▸ **PROBLEM DESCRIPTION**
From the listing below, retype exactly the line holding "A Lego minifigure", the line holding "Phetium Instant Camera", and the lines between them; skip everything else.
BEGIN
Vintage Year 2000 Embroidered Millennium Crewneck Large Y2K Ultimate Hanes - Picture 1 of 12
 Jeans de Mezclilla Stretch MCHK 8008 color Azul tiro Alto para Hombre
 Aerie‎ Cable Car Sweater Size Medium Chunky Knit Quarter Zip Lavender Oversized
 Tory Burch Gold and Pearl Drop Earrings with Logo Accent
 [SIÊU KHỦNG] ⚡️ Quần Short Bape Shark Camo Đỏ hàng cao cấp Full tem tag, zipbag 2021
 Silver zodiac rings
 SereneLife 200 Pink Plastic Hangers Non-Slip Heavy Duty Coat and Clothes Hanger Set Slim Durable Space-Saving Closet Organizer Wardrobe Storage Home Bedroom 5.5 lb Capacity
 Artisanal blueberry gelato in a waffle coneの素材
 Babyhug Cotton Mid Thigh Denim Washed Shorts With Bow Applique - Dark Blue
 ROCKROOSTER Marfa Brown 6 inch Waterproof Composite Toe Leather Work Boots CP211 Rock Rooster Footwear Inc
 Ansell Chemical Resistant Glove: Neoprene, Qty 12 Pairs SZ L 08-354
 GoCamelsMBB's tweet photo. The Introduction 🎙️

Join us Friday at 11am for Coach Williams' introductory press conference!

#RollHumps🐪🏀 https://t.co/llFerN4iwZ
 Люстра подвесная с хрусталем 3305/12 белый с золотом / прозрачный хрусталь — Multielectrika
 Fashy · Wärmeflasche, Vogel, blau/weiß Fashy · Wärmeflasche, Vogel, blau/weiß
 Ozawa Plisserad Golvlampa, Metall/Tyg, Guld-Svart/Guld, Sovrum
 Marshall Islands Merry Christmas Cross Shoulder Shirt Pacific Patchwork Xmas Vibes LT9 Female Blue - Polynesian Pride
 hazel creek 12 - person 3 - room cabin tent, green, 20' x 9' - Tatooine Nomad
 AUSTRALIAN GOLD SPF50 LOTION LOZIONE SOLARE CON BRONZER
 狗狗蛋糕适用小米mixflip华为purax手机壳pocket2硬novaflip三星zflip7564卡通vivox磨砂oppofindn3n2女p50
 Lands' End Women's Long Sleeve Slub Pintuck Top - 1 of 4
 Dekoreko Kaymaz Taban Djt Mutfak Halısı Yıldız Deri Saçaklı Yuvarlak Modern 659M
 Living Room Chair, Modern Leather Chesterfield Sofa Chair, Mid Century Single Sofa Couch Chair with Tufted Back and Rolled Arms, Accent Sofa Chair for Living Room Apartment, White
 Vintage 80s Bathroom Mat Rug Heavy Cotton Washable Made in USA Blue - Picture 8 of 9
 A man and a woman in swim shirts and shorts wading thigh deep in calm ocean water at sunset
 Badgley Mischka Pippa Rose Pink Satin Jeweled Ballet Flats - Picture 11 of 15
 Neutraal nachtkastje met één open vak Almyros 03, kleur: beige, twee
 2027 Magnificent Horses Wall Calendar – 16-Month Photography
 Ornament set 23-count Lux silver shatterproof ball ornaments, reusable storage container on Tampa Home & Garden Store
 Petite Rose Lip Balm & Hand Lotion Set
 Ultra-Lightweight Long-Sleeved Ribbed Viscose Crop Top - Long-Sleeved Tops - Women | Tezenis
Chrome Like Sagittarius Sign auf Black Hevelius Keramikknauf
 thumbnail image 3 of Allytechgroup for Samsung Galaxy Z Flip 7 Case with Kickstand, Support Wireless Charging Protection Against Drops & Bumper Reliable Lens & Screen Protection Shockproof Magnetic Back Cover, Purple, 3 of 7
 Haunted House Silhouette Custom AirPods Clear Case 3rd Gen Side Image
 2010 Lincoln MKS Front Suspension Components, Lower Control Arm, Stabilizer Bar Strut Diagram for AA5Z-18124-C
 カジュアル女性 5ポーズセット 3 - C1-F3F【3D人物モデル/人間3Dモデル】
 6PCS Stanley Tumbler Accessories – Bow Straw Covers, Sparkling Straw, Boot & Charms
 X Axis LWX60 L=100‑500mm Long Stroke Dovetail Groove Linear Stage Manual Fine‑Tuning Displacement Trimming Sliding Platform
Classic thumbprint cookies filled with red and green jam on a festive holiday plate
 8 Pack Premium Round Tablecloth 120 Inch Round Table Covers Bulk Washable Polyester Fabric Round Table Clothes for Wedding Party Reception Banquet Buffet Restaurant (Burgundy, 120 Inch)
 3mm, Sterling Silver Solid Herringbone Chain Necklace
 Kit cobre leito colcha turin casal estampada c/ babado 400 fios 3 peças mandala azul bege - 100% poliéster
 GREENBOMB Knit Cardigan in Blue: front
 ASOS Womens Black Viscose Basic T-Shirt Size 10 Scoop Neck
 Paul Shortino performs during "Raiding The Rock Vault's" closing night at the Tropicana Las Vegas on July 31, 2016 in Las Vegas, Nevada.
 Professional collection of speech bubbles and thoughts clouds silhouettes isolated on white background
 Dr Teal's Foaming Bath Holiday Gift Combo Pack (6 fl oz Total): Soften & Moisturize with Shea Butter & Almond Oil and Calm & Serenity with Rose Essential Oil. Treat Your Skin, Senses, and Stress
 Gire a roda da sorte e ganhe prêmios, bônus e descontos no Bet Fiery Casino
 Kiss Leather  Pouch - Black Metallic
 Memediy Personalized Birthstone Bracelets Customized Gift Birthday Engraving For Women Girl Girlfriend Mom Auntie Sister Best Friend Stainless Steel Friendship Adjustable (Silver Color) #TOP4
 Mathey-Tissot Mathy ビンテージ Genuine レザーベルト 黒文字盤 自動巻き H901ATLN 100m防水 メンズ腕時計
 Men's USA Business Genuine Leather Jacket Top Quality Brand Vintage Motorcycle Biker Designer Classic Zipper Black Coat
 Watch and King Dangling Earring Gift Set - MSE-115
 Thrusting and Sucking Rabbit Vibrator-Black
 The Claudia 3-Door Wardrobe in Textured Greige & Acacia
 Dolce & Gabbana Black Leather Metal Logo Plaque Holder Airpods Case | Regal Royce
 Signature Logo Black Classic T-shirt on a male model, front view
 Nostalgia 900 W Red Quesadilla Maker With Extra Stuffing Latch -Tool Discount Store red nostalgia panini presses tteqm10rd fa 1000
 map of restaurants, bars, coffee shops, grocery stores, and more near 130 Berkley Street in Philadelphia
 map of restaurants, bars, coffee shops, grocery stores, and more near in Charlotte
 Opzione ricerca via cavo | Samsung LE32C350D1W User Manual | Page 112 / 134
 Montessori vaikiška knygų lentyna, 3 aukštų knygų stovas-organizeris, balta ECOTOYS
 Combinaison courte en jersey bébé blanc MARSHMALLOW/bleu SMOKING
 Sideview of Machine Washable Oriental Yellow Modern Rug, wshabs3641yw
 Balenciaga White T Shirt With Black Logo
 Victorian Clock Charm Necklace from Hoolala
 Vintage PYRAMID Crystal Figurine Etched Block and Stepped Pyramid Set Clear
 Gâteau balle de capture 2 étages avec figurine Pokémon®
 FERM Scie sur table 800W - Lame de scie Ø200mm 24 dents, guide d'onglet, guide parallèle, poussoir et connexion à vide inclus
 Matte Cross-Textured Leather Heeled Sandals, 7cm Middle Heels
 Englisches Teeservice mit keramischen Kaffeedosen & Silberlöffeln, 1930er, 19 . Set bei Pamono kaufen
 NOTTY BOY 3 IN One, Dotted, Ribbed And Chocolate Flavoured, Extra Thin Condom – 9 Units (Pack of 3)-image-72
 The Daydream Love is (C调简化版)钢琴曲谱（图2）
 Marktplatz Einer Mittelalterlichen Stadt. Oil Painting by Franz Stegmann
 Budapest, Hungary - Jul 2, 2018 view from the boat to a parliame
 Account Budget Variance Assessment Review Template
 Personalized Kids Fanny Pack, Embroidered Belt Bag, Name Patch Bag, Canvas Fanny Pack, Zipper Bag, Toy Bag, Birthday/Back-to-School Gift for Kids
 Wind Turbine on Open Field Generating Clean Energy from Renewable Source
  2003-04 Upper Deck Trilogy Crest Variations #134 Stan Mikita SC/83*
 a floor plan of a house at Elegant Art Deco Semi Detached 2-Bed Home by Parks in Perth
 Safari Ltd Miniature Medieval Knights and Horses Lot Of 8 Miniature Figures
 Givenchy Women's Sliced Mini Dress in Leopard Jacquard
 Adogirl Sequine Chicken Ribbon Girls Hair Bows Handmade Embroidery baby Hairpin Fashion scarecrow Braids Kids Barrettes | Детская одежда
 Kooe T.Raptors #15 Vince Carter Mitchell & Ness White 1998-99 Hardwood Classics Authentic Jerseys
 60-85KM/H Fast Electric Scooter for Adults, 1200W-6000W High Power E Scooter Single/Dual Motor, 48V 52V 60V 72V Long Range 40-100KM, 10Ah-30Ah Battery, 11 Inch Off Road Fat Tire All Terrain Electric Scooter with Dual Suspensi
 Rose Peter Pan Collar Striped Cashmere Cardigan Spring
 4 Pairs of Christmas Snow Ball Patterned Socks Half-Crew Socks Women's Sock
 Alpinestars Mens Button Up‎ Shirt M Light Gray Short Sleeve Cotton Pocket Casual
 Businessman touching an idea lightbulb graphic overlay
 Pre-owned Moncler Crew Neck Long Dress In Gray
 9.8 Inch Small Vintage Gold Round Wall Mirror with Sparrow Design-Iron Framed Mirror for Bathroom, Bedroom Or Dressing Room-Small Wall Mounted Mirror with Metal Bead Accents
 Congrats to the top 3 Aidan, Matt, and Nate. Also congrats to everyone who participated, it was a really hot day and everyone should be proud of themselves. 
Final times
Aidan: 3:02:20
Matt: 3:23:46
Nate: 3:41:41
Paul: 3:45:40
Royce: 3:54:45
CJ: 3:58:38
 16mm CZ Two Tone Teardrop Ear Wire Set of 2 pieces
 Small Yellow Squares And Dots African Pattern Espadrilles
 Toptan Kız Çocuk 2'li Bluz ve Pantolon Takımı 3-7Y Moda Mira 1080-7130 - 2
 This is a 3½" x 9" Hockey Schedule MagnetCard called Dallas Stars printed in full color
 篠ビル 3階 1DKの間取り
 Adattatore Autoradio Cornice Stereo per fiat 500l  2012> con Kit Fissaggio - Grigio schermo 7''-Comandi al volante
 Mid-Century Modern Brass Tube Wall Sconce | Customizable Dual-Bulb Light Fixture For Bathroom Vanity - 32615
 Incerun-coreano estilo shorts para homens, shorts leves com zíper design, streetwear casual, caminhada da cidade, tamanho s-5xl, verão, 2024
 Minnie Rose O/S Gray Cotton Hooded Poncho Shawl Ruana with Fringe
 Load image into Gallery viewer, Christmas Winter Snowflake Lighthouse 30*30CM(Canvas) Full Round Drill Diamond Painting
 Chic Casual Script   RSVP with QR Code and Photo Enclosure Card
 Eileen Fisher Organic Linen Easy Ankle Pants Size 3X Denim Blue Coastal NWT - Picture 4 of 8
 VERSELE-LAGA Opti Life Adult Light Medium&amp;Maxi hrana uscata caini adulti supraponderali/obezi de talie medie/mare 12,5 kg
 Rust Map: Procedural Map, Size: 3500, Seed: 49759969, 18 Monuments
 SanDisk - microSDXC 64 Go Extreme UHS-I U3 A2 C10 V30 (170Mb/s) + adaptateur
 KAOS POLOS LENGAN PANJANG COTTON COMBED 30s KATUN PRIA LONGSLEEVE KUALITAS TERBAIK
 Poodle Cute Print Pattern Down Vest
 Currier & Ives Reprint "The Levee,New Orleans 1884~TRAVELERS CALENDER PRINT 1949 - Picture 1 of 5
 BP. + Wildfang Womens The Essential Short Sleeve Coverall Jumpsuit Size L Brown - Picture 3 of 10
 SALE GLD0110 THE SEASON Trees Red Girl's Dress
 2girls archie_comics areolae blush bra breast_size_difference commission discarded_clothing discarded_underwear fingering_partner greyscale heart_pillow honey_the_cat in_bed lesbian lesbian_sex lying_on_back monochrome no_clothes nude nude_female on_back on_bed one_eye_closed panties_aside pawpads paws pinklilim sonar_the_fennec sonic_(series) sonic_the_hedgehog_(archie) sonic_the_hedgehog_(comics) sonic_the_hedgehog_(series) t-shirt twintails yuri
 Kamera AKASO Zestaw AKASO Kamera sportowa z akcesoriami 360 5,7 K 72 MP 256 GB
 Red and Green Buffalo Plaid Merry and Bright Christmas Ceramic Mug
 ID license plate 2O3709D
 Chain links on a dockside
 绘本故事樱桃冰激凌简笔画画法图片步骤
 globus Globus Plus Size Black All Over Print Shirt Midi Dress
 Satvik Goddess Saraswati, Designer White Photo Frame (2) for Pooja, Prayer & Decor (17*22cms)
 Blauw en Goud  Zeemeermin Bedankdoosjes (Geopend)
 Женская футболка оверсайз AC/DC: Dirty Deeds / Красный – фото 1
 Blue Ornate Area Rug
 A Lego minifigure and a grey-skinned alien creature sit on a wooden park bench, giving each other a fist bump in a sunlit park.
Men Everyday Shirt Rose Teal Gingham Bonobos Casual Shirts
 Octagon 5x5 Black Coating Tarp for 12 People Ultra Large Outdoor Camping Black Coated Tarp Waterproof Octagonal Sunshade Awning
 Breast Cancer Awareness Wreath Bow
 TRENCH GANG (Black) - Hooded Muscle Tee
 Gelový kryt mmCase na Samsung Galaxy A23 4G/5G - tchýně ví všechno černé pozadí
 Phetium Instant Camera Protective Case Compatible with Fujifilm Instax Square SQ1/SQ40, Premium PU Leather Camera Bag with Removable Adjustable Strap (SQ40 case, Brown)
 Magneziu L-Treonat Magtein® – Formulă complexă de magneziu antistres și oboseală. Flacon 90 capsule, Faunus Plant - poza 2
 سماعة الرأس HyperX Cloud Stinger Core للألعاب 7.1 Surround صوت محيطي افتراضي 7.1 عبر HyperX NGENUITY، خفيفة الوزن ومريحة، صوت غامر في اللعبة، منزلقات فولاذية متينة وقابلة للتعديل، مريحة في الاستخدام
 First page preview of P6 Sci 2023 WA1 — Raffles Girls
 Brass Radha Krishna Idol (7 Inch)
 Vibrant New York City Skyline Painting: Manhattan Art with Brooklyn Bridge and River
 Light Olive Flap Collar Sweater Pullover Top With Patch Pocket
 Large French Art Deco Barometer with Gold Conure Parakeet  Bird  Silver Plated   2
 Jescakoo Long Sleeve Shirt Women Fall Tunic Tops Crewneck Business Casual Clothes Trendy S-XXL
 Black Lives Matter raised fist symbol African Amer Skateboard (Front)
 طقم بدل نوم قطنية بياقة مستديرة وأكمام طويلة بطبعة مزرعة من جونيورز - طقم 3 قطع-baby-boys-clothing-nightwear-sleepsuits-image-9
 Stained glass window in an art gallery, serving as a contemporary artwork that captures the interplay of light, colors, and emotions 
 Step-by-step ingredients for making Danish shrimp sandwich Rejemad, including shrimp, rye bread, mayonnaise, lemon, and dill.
END
▸ **OUTPUT FOR THIS TASK**
 A Lego minifigure and a grey-skinned alien creature sit on a wooden park bench, giving each other a fist bump in a sunlit park.
Men Everyday Shirt Rose Teal Gingham Bonobos Casual Shirts
 Octagon 5x5 Black Coating Tarp for 12 People Ultra Large Outdoor Camping Black Coated Tarp Waterproof Octagonal Sunshade Awning
 Breast Cancer Awareness Wreath Bow
 TRENCH GANG (Black) - Hooded Muscle Tee
 Gelový kryt mmCase na Samsung Galaxy A23 4G/5G - tchýně ví všechno černé pozadí
 Phetium Instant Camera Protective Case Compatible with Fujifilm Instax Square SQ1/SQ40, Premium PU Leather Camera Bag with Removable Adjustable Strap (SQ40 case, Brown)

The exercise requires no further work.